Although all reviewed data sets fulfilled minimum standards for completeness and specified format, a wide variation in image quality was observed. In general, image quality improved between data acquired in the early and later stages of the SIOPEN-R-NET trial. This reflects improvements both in gamma camera performance and European paediatric nuclear medicine practice that have occurred within the time frame of the high risk NB trial. Specific observations regarding mIBG imaging procedures will be reported separately.

Data sets included for review were stored electronically on the SIOPEN-R-NET database in a variety of formats. Images held in DICOM format facilitated data manipulation, contrast, and window thresholding. This increased the speed and sensitivity of image review compared with snapshot scans captured as JPEG, Bitmap, or TIFF files. We recommend that storage of image data in DICOM or Interfile format be adopted as the standard for clinical trials.

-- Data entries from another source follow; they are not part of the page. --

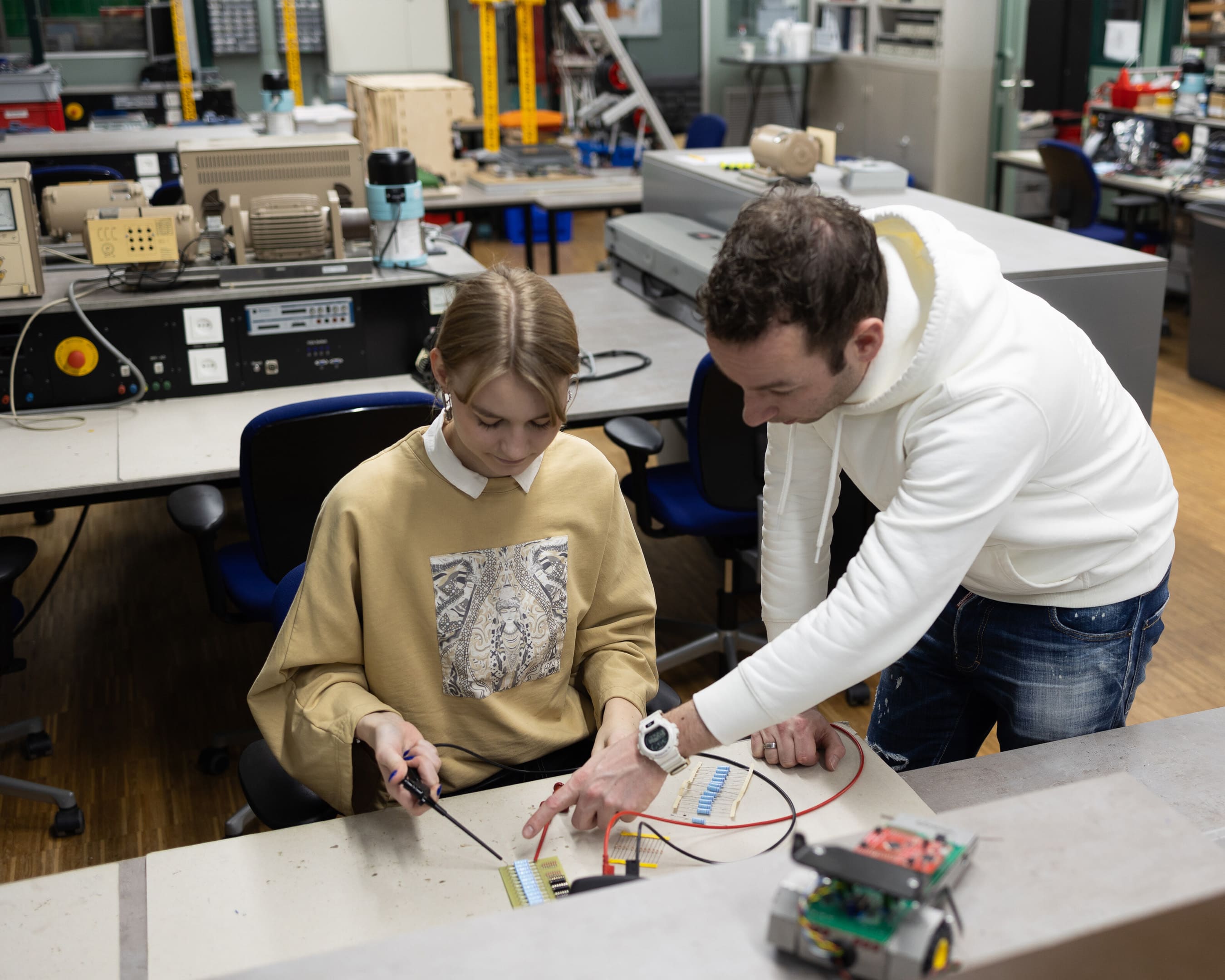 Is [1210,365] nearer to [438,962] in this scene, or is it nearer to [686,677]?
[686,677]

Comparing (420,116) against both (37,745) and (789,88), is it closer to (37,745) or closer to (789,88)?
(37,745)

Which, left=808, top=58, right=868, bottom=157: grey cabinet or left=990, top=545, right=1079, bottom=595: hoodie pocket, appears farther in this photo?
left=808, top=58, right=868, bottom=157: grey cabinet

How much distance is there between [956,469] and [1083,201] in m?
4.79

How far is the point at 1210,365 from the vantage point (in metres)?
4.85

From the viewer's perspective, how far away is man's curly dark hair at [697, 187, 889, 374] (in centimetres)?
102

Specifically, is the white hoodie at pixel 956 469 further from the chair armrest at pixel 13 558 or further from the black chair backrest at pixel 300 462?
the chair armrest at pixel 13 558

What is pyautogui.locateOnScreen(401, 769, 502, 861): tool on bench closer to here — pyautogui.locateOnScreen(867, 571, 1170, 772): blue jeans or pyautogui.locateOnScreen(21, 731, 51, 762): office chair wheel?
pyautogui.locateOnScreen(867, 571, 1170, 772): blue jeans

At present, 123I-mIBG imaging is the only widely available, objective measure of metabolic treatment response in NB. The semi-quantitative scoring method developed and described here is straightforward, scientifically robust and will enhance the reproducibility of 123I-mIBG image reporting in both clinical practice and clinical trials. The method would also provide a basis for comparing mIBG imaging with FDG PET CT and radiolabelled somatostatin analogues in NB.

The proposed score method draws on extensive published previous experience, but the avoidance of subjective uptake intensity assessment and detailed focus on skeletal tumour extent as a prognostic factor are new. The method has been validated in a multi-centre, international patient population and will be tested prospectively within the SIOPEN-R-NET high risk NB trial. We conclude that this approach represents a positive step in NB management, sets a new standard for response assessment and could be applied to determine the role of 123I-mIBG scintigraphy as an independent prognostic indicator in NB.